> _Task to complete_:
Give the data back exactly. Leave out any images.

> _Data shown_:
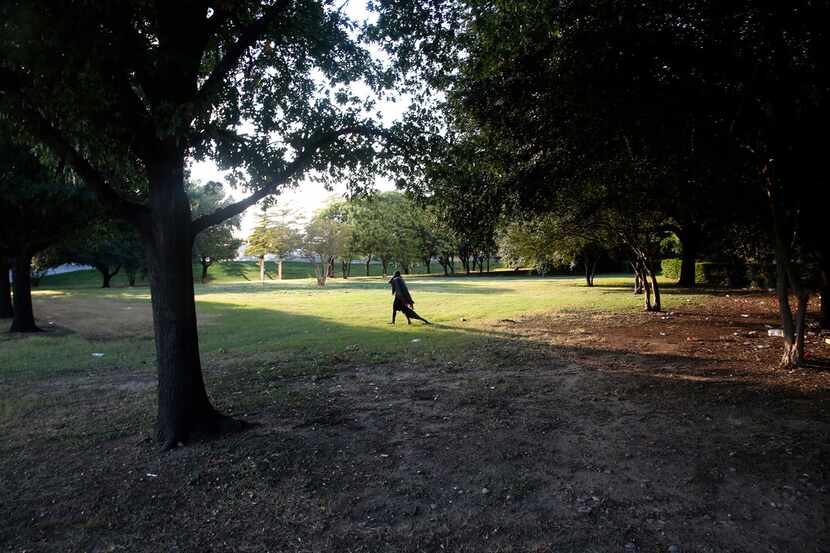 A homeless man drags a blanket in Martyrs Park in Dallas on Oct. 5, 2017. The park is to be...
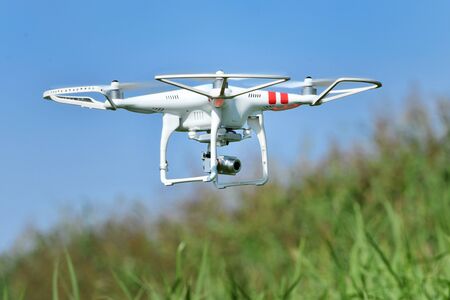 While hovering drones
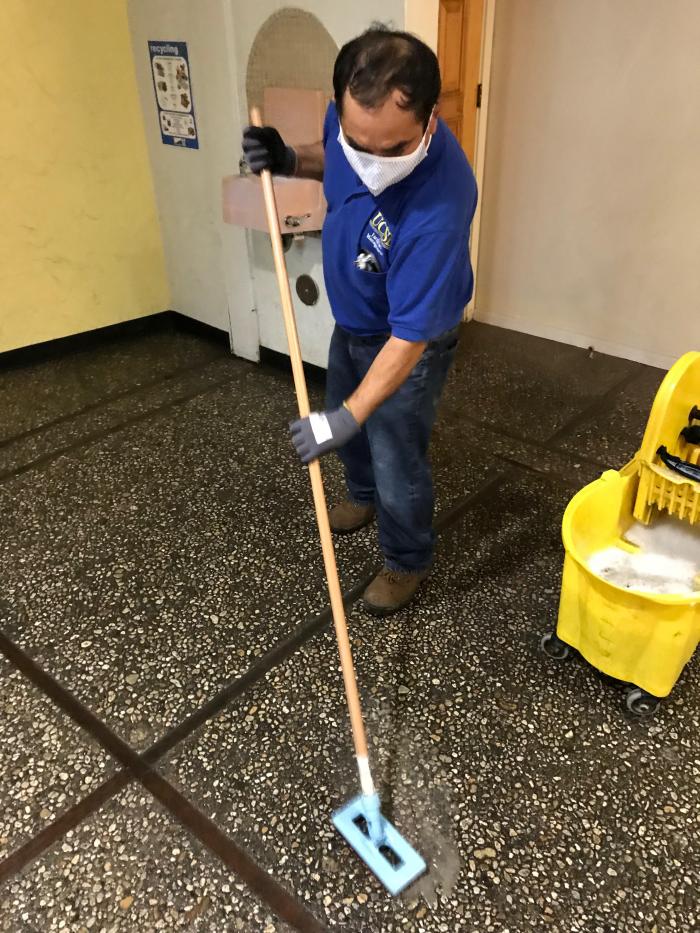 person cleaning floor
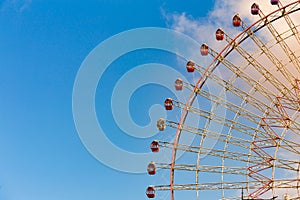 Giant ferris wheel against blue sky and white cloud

> _Written answer_:
 A homeless man drags a blanket in Martyrs Park in Dallas on Oct. 5, 2017. The park is to be...
 While hovering drones
 person cleaning floor
 Giant ferris wheel against blue sky and white cloud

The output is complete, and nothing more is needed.